▶ _ASSIGNED TASK_
Only the text of the entries below should appear in your exact transcription; leave out every picture.

▶ _Collection entries_
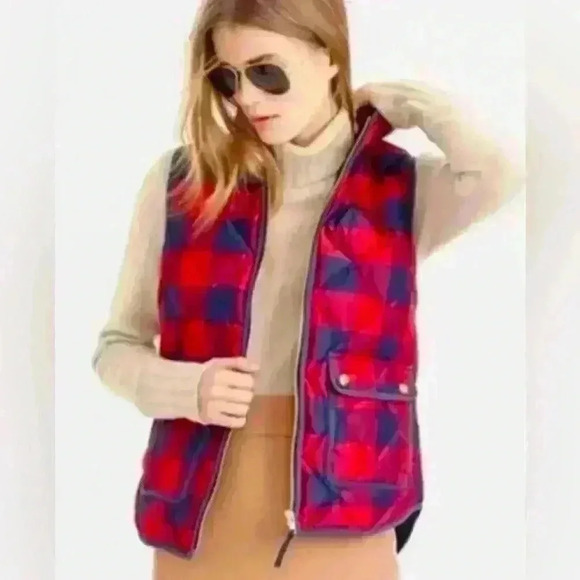 J. Crew Excursion Quilted Vest In Buffalo Check - Picture 1 of 6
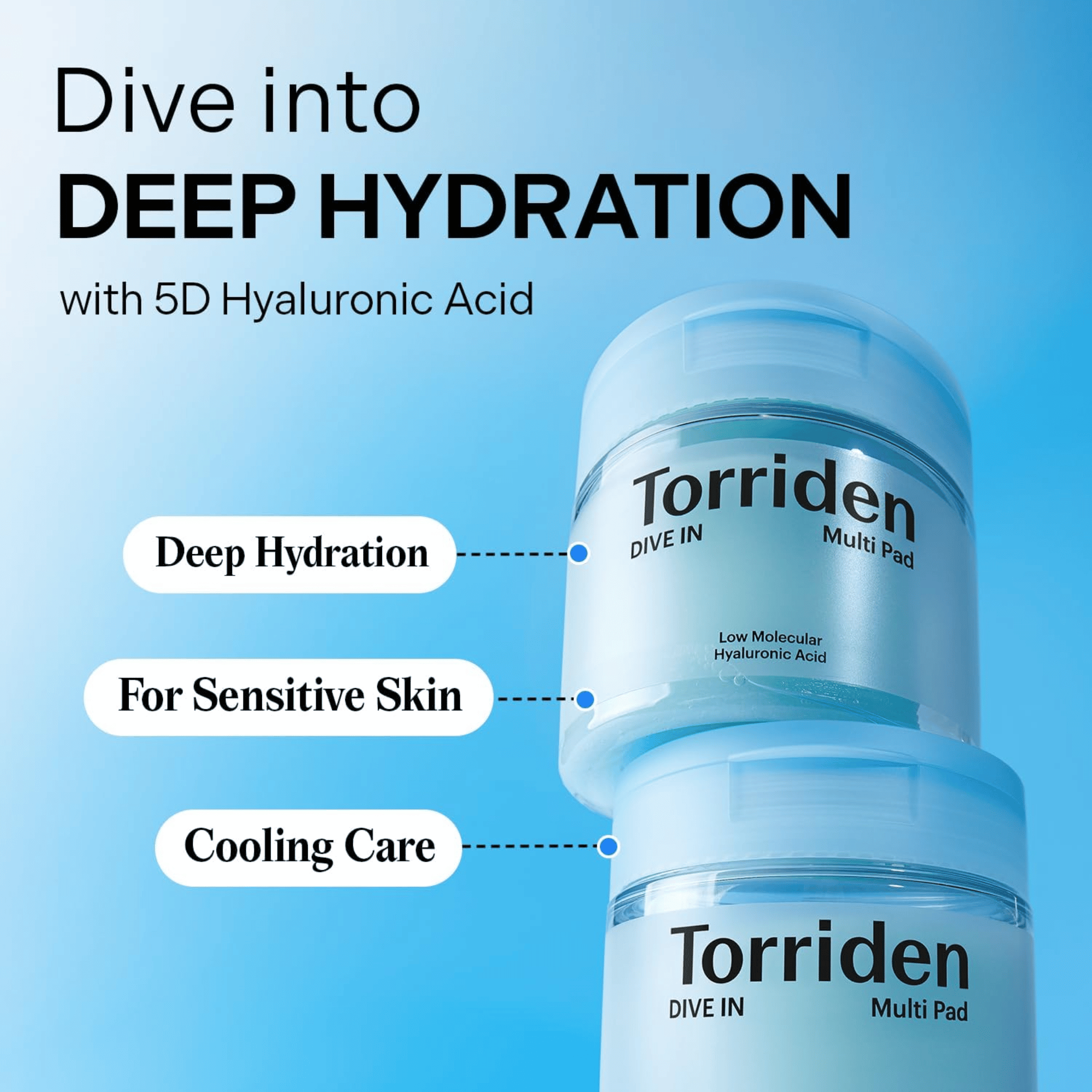 Torriden DIVE-IN Low Molecular Hyaluronic Acid Multi Pad 160ml - cosmadic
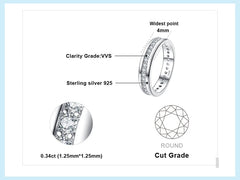 JewelryPalace Solid 925 Sterling Silver Wedding Engagement Ring for Woman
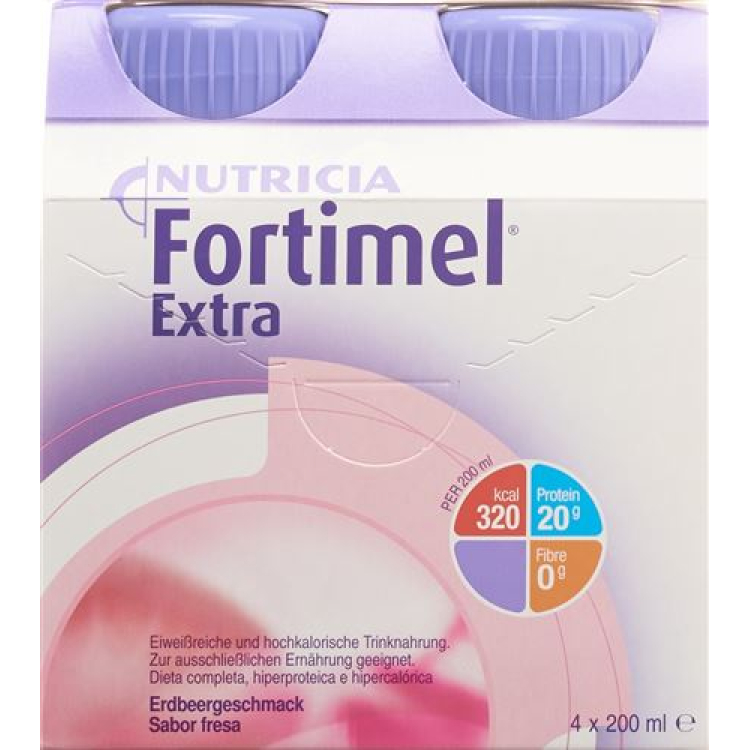 Fortimel Extra Strawberry 4 ბოთლი 200მლ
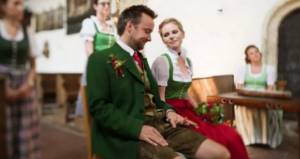 bride and groom in green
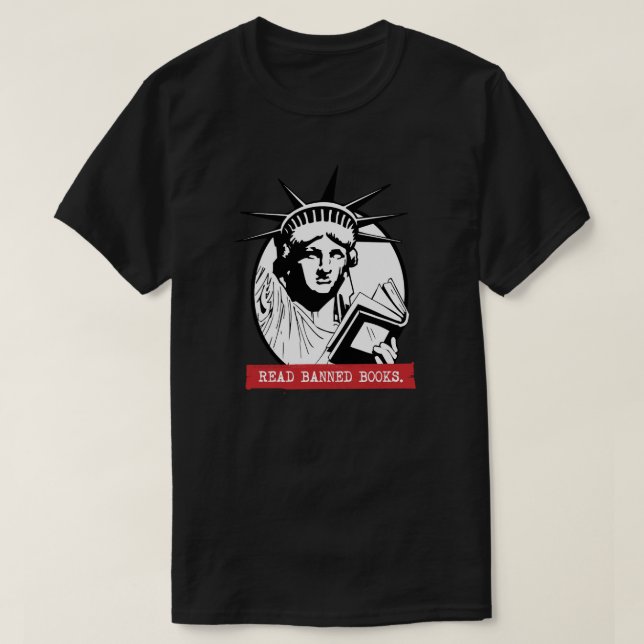 Dam Liberty Reads Banned Bokar T Shirt (Design framsida)
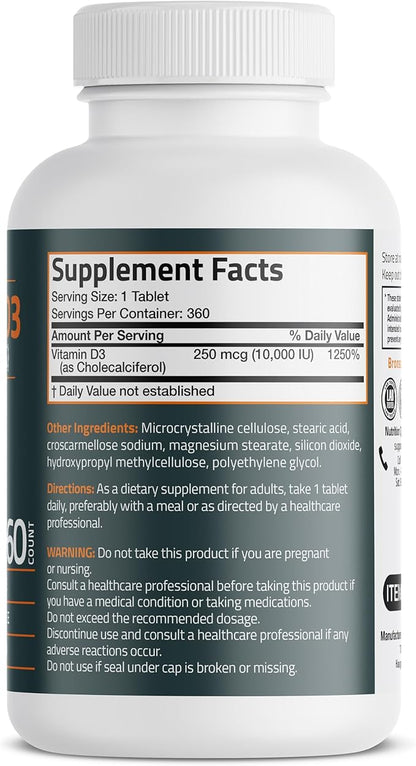 Bronson Vitamin D3 10,000iu (250mcg) Healthy Muscle Function and Immune Support, Non-GMO, 360 Tablets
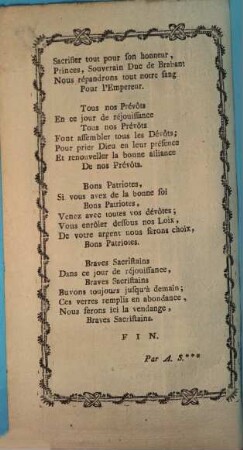 Chanson Des Sacristains de Bruxelles : Sur l'air: Du haut en bas, &c.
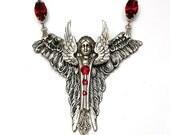 Gothic Angel Silver Necklace Swarovski Women Fantasy Gothic Wings Jewelry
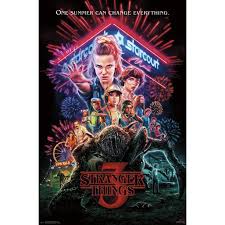 Poster with electric elements vector. Stranger Things 3 One Sheet Poster Walmart Com Walmart Com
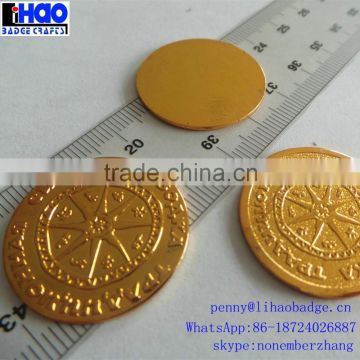 Zinc alloy metal custom cheap replica coins,round metal souvenir coin,3D embossed fake gold coins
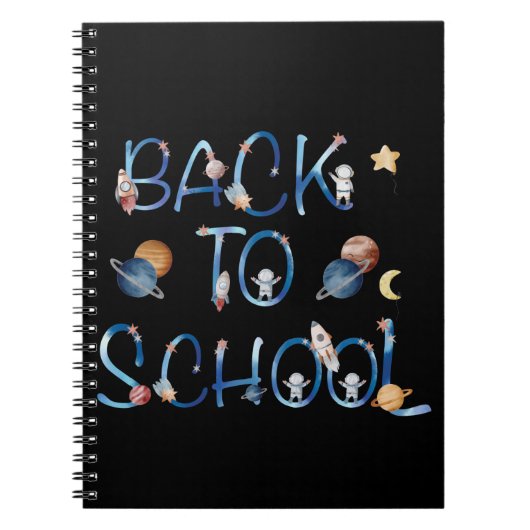 Astronauten Planets Space, zurück zur Schule Notizblock (Vorderseite)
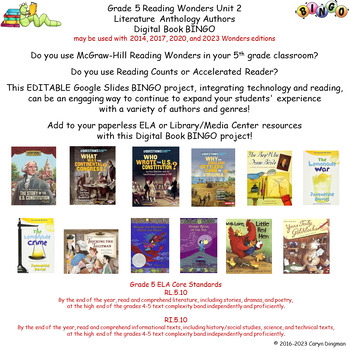 Preview of 5th Grade Wonders Unit 2 Literature Anthology Authors Digital Book BINGO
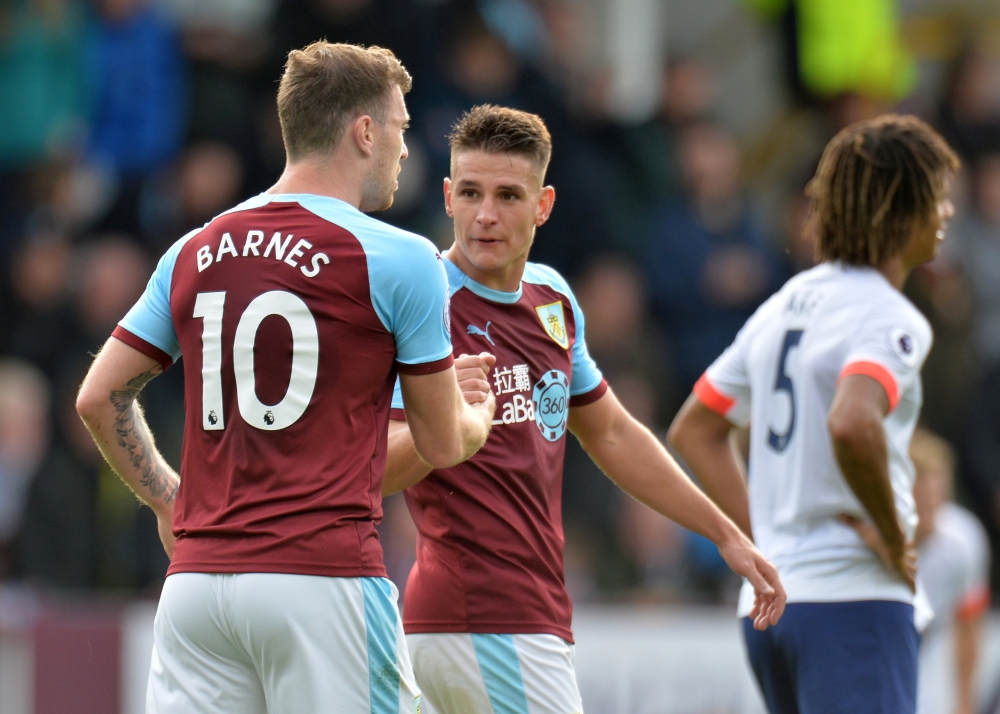 Burnley's Ashley Barnes celebrates scoring their third goal REUTERS/Peter Powell 
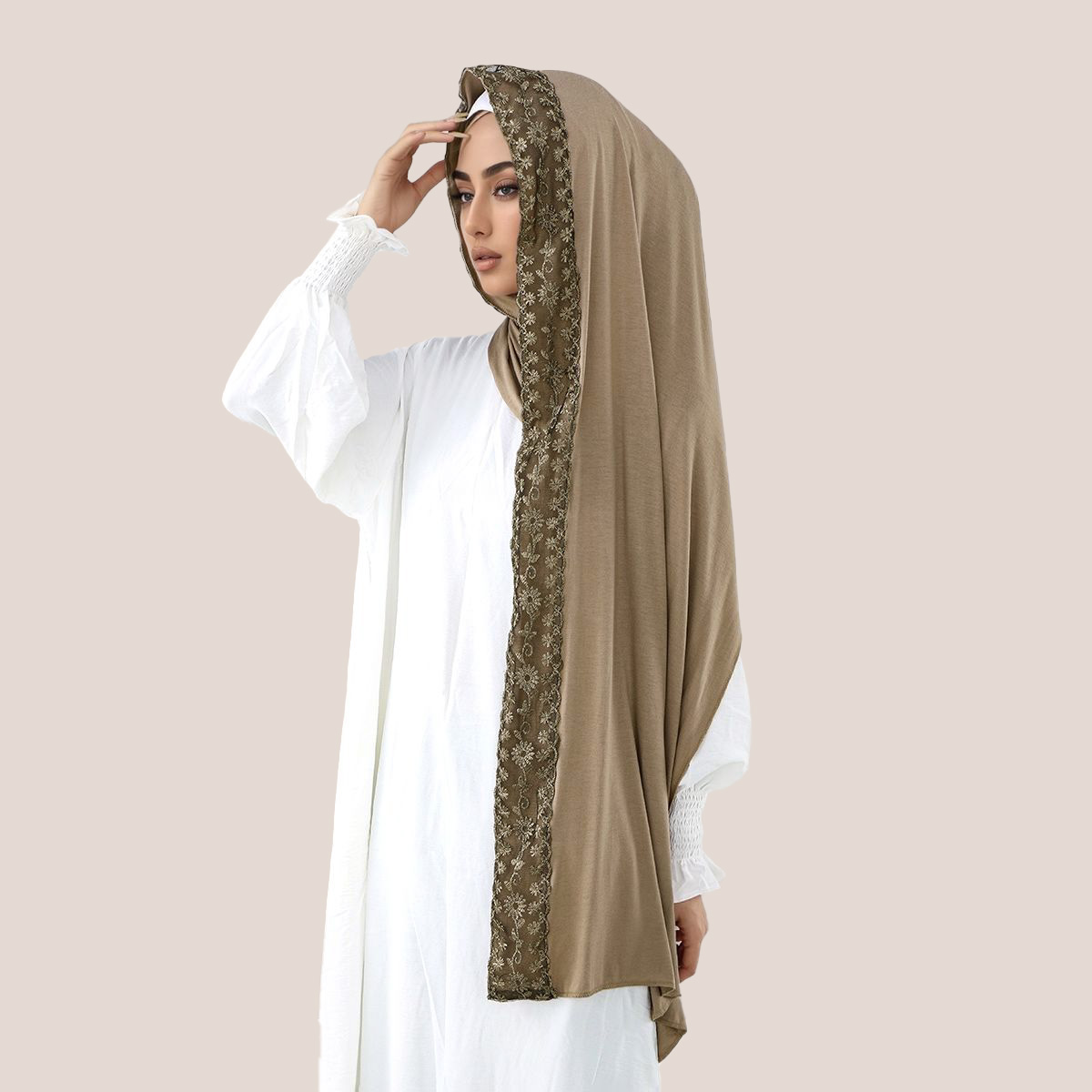Lace Embroidery Cotton Jersey  – Head Wrap Turban Bewertung und Preis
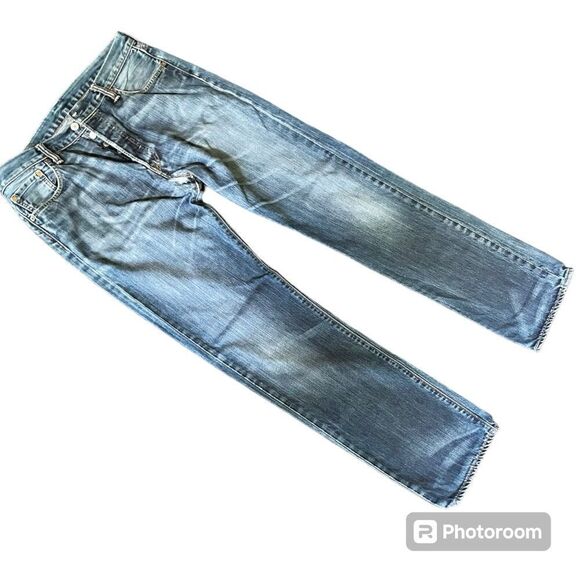 Levi's Other - Levi’s 501 Washed and Distressed Blue Jeans Button Fly Size 34/34
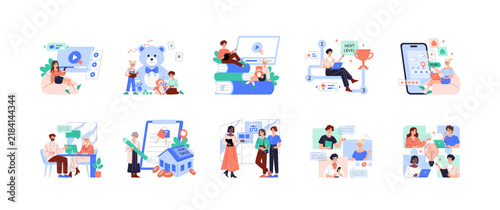 Educational Activities and Technology Use Vector Illustration
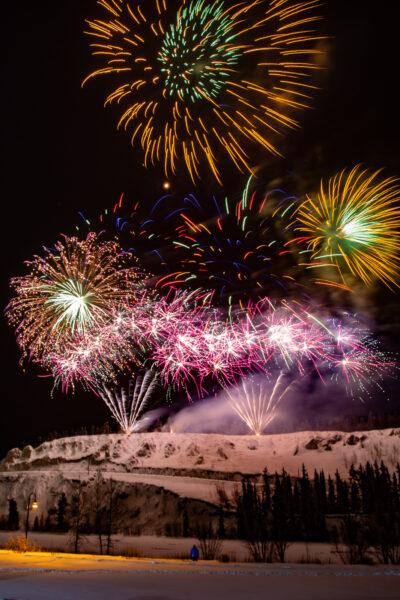Fireworks Clay Cliffs Yukon River, Yukon Rendezvous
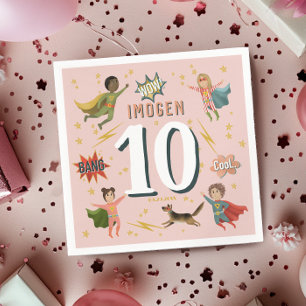 Flickor Modern Tecknad Rosa Superhjälte Barns föde Pappersservett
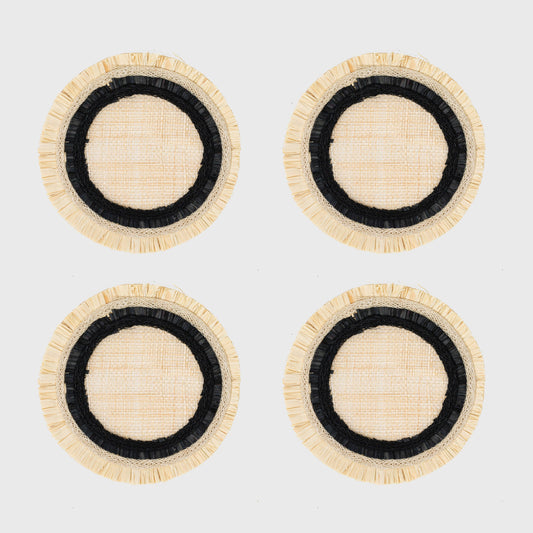 Ruffle edge straw coasters, black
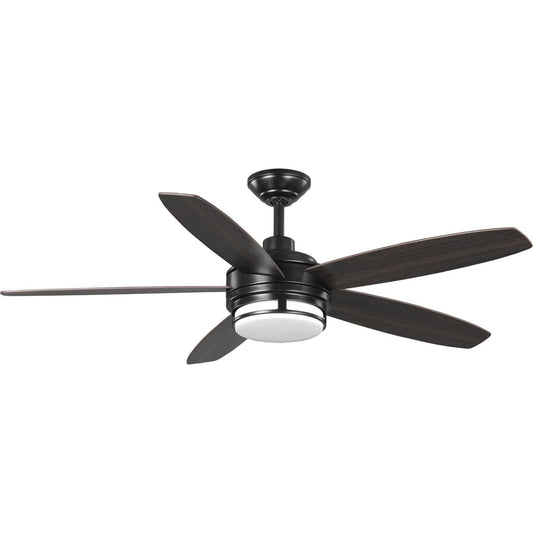 PROGRESS LIGHTING P250036-031-30 Black Albin Collection 54" Indoor/Outdoor Five-Blade Black Ceiling Fan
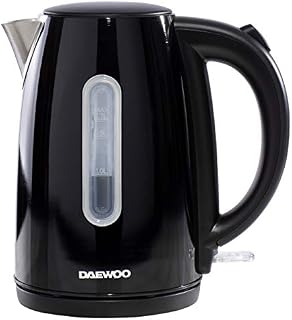 Daewoo Kensington 1.7L, 3000W Rapid Boil Jug Kettle, Stainless Steel Body with Cordless Rotational Base and Concealed Heating Element, Space Saving Cord Storage and LED Indicator- Black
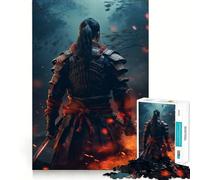 Puzzle difficile da 1000 pezzi con tema samurai e fuoco per adulti, giocattolo stimolante per la mente, ideale per momenti di relax, con taglio di qualità (50x75cm)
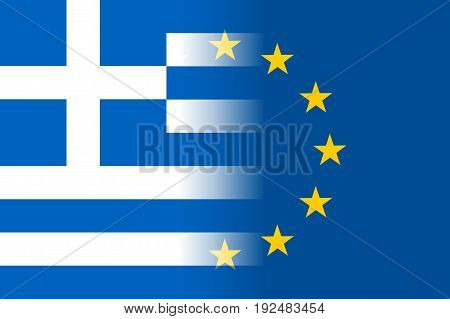 Greece national flag with a flag of European Union twelve gold stars, identity and unity with EU, member since 1 January 1981. Vector flat style illustration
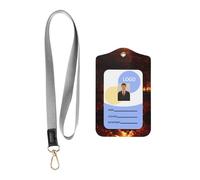 Wzywhj Magnifique badge de travail imprimé feu de joie, étui de protection en cuir pour carte d'identité avec corde de suspension amovible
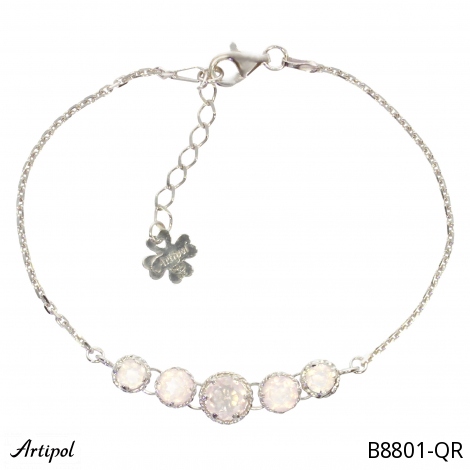 Armreif B8801-QR mit echter Rosenquarz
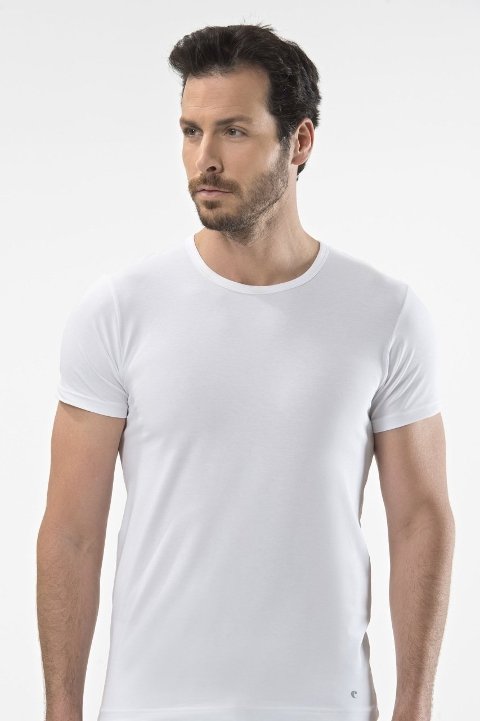 Pamuklu O Yaka Kısa Kollu T-shirt Cacharel 1305 - 2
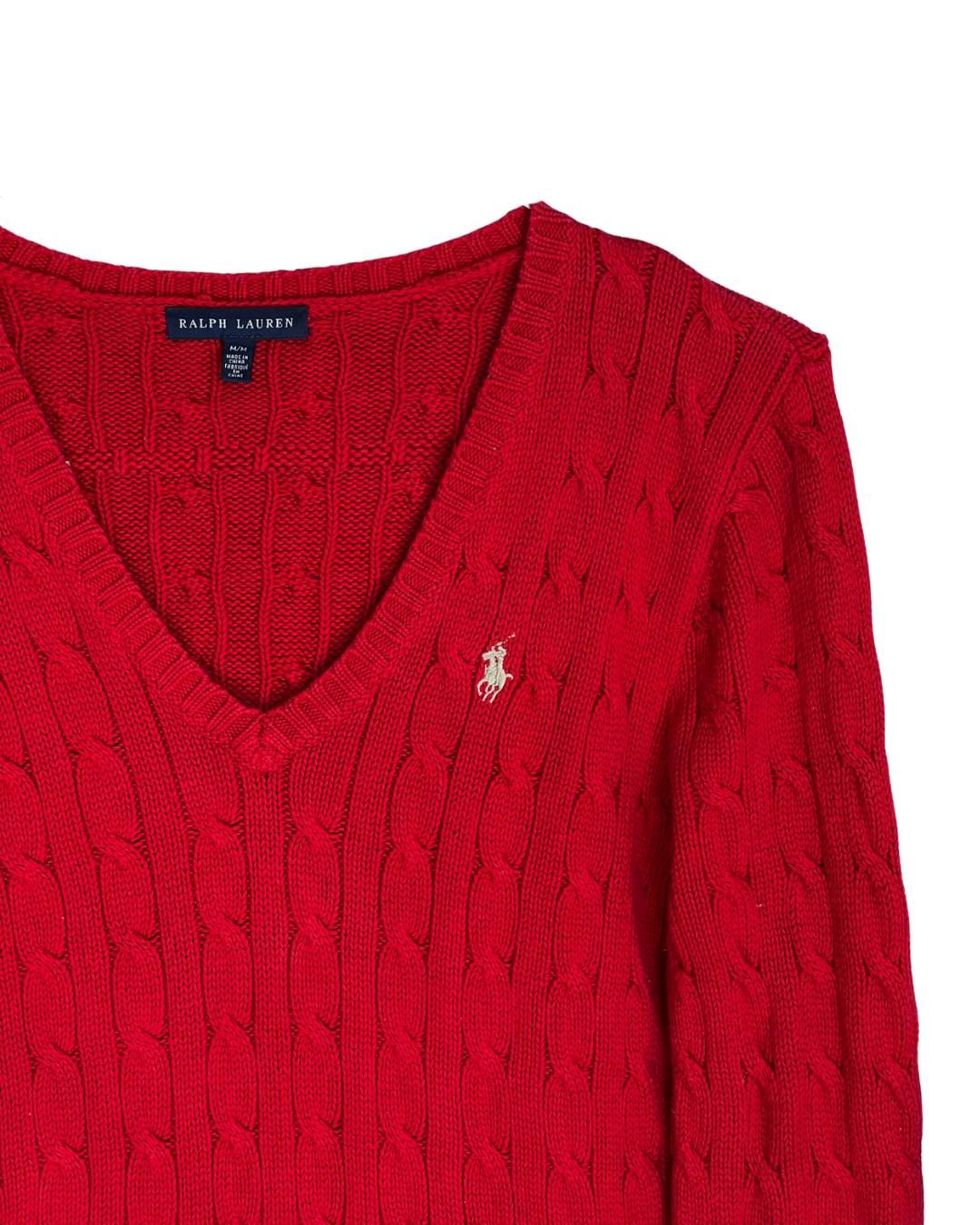 ‏RL Red & Cream Logo V-Neck Cable Knit Sweater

▶ _RESPONSE TO THIS TASK_
 J. Crew Excursion Quilted Vest In Buffalo Check - Picture 1 of 6
 Torriden DIVE-IN Low Molecular Hyaluronic Acid Multi Pad 160ml - cosmadic
 JewelryPalace Solid 925 Sterling Silver Wedding Engagement Ring for Woman
 Fortimel Extra Strawberry 4 ბოთლი 200მლ
 bride and groom in green
 Dam Liberty Reads Banned Bokar T Shirt (Design framsida)
 Bronson Vitamin D3 10,000iu (250mcg) Healthy Muscle Function and Immune Support, Non-GMO, 360 Tablets
 Chanson Des Sacristains de Bruxelles : Sur l'air: Du haut en bas, &c.
 Gothic Angel Silver Necklace Swarovski Women Fantasy Gothic Wings Jewelry
 Poster with electric elements vector. Stranger Things 3 One Sheet Poster Walmart Com Walmart Com
 Zinc alloy metal custom cheap replica coins,round metal souvenir coin,3D embossed fake gold coins
 Astronauten Planets Space, zurück zur Schule Notizblock (Vorderseite)
 Preview of 5th Grade Wonders Unit 2 Literature Anthology Authors Digital Book BINGO
 Burnley's Ashley Barnes celebrates scoring their third goal REUTERS/Peter Powell 
Lace Embroidery Cotton Jersey  – Head Wrap Turban Bewertung und Preis
 Levi's Other - Levi’s 501 Washed and Distressed Blue Jeans Button Fly Size 34/34
 Educational Activities and Technology Use Vector Illustration
Fireworks Clay Cliffs Yukon River, Yukon Rendezvous
 Flickor Modern Tecknad Rosa Superhjälte Barns föde Pappersservett
 Ruffle edge straw coasters, black
 PROGRESS LIGHTING P250036-031-30 Black Albin Collection 54" Indoor/Outdoor Five-Blade Black Ceiling Fan
 Daewoo Kensington 1.7L, 3000W Rapid Boil Jug Kettle, Stainless Steel Body with Cordless Rotational Base and Concealed Heating Element, Space Saving Cord Storage and LED Indicator- Black
 Puzzle difficile da 1000 pezzi con tema samurai e fuoco per adulti, giocattolo stimolante per la mente, ideale per momenti di relax, con taglio di qualità (50x75cm)
 Greece national flag with a flag of European Union twelve gold stars, identity and unity with EU, member since 1 January 1981. Vector flat style illustration
 Wzywhj Magnifique badge de travail imprimé feu de joie, étui de protection en cuir pour carte d'identité avec corde de suspension amovible
 Armreif B8801-QR mit echter Rosenquarz
 Pamuklu O Yaka Kısa Kollu T-shirt Cacharel 1305 - 2
 ‏RL Red & Cream Logo V-Neck Cable Knit Sweater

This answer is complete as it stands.